Supplied information: Begin

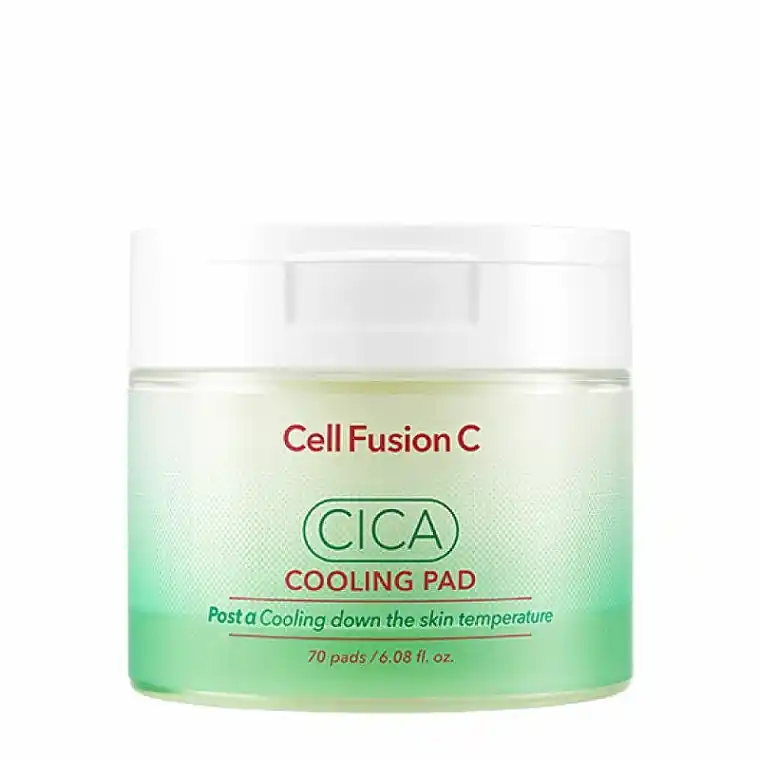 Cooling Face Patches - Skin Care Products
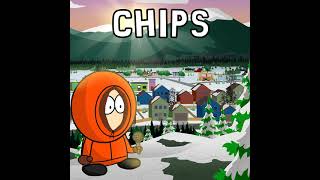 Chips | FNF Vs Kenny Mod OST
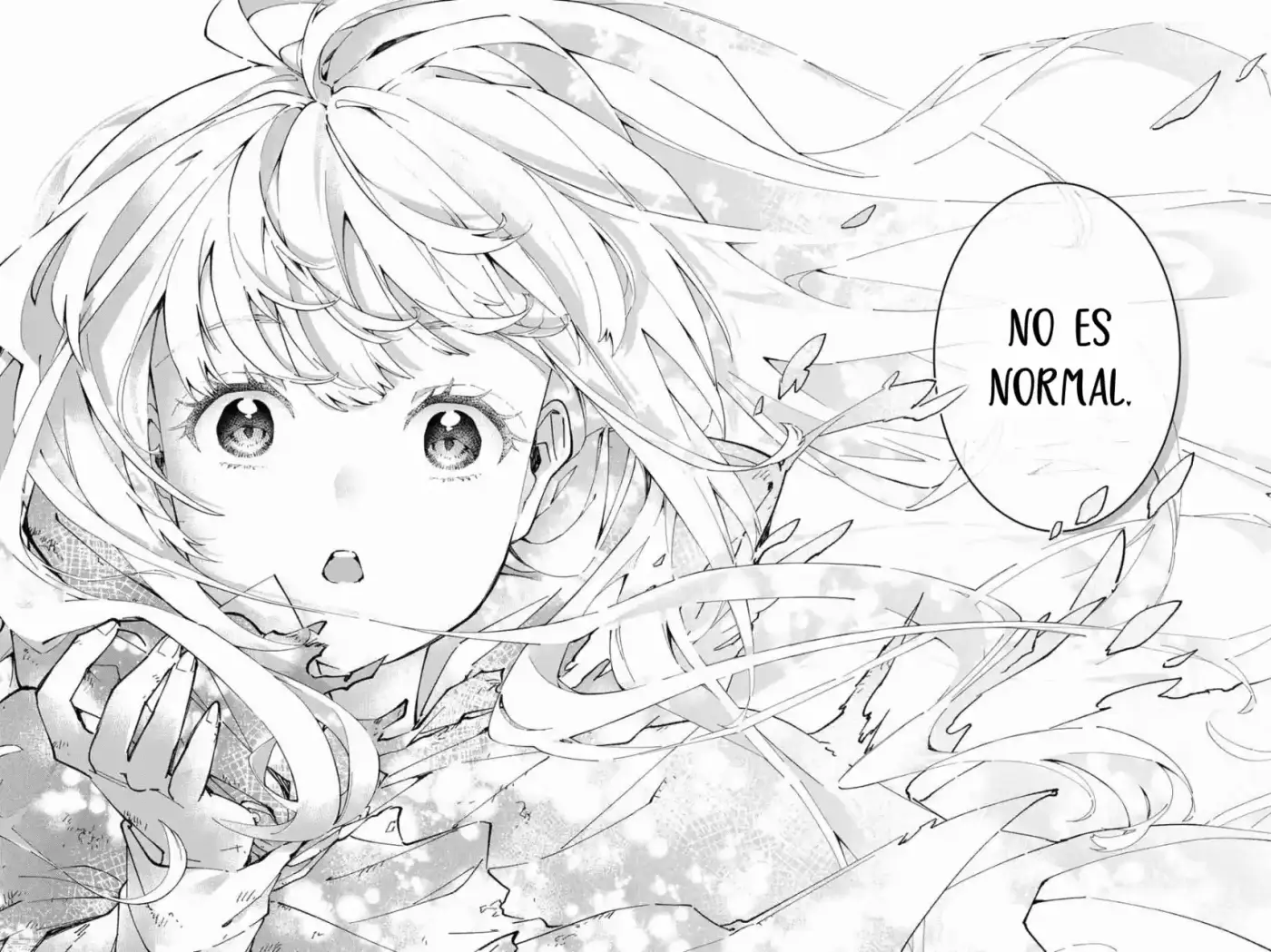 Kiwameta Hiiru Ga Subete Wo Iyasu! - Capítulo 1 - Página 49 - LectorTMOo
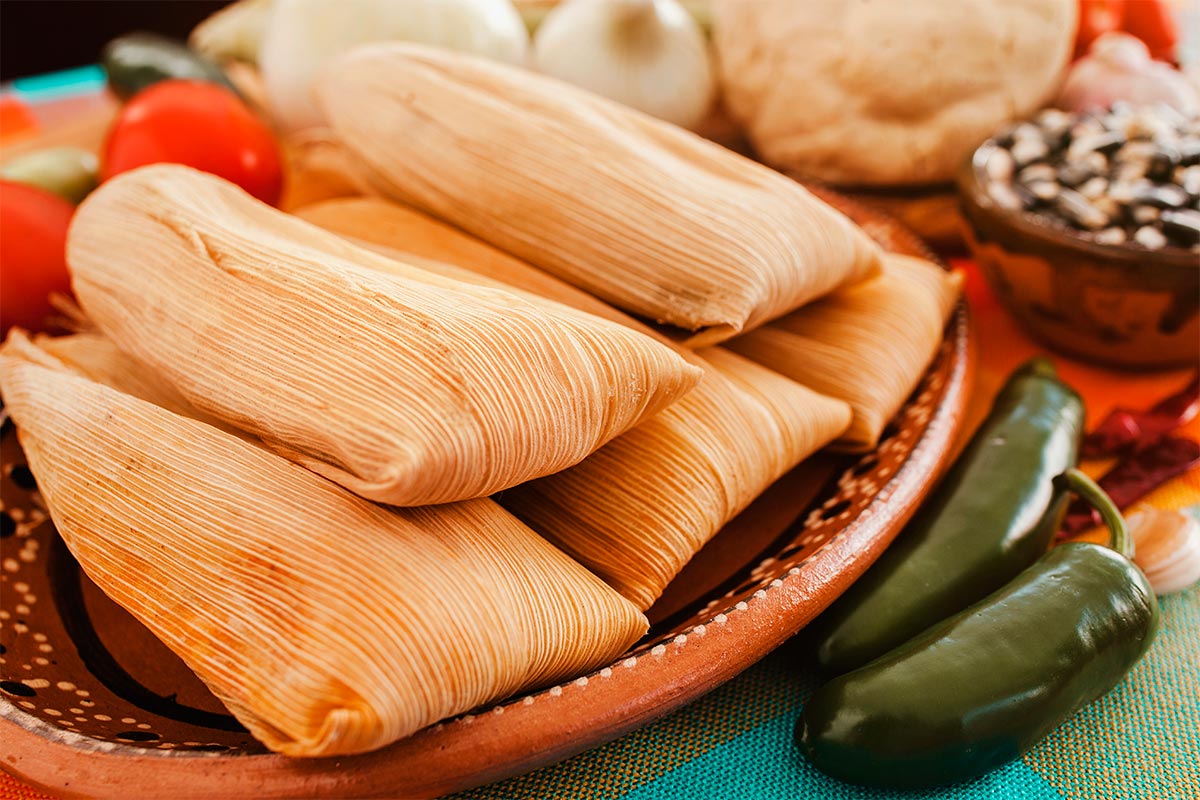 Lanzan concurso nacional de elaboración de tamales La Voz de Querétaro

Supplied information: End

*Instructions for the task:*
Each line of the listing above should be retyped exactly, with no pictures.

*Task solution:*
 Cooling Face Patches - Skin Care Products
 Chips | FNF Vs Kenny Mod OST
 Kiwameta Hiiru Ga Subete Wo Iyasu! - Capítulo 1 - Página 49 - LectorTMOo
 Lanzan concurso nacional de elaboración de tamales La Voz de Querétaro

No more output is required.